--- TASK REQUIREMENTS ---
Find every line below where the string "Room" shows up, and copy those lines.

Start of LISTED RECORDS

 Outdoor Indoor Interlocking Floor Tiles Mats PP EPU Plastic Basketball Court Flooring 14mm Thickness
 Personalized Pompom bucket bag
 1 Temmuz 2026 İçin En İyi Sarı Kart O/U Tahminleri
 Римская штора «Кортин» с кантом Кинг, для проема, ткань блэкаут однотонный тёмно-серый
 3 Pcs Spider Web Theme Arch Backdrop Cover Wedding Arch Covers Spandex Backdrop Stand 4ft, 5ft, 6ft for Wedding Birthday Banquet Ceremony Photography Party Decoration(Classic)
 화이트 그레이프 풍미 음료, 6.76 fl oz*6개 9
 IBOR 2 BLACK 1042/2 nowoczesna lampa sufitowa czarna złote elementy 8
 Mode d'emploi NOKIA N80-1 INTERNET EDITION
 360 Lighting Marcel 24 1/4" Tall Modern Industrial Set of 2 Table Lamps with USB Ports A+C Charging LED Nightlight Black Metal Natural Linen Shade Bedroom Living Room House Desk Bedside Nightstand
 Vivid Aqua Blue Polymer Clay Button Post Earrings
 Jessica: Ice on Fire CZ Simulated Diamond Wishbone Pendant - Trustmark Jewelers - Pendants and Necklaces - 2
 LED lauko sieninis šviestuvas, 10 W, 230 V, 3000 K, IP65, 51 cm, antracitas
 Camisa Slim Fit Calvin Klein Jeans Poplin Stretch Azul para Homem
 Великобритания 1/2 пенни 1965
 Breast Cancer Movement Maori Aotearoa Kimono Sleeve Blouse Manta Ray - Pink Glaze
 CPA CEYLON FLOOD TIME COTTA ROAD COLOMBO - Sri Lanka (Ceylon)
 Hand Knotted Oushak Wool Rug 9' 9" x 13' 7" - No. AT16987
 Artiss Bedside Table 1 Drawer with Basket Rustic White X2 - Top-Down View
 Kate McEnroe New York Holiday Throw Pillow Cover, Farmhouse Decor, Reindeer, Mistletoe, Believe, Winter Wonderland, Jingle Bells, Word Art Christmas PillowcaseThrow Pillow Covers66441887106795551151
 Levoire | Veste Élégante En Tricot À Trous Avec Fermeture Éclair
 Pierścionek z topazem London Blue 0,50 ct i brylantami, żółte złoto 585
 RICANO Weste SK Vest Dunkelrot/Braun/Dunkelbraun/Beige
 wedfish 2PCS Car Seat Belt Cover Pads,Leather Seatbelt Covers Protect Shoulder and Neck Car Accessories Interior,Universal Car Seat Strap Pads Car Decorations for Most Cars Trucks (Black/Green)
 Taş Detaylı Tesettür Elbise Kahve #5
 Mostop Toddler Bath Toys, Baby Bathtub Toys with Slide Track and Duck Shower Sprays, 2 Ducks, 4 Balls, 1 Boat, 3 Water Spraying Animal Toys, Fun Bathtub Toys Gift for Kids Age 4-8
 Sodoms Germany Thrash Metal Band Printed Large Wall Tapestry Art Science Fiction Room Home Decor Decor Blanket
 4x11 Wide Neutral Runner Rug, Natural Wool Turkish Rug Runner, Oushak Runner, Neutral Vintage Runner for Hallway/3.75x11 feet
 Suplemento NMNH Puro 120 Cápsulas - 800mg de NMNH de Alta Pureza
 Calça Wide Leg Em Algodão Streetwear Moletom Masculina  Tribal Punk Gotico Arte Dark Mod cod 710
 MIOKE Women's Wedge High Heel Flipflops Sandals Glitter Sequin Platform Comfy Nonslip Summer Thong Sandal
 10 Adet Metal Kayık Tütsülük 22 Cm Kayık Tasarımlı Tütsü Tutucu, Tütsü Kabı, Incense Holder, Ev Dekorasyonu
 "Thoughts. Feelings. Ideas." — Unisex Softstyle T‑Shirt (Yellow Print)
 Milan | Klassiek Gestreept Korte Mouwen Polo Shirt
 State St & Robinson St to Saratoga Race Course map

End of LISTED RECORDS

--- PROBLEM SOLUTION ---
 360 Lighting Marcel 24 1/4" Tall Modern Industrial Set of 2 Table Lamps with USB Ports A+C Charging LED Nightlight Black Metal Natural Linen Shade Bedroom Living Room House Desk Bedside Nightstand
 Sodoms Germany Thrash Metal Band Printed Large Wall Tapestry Art Science Fiction Room Home Decor Decor Blanket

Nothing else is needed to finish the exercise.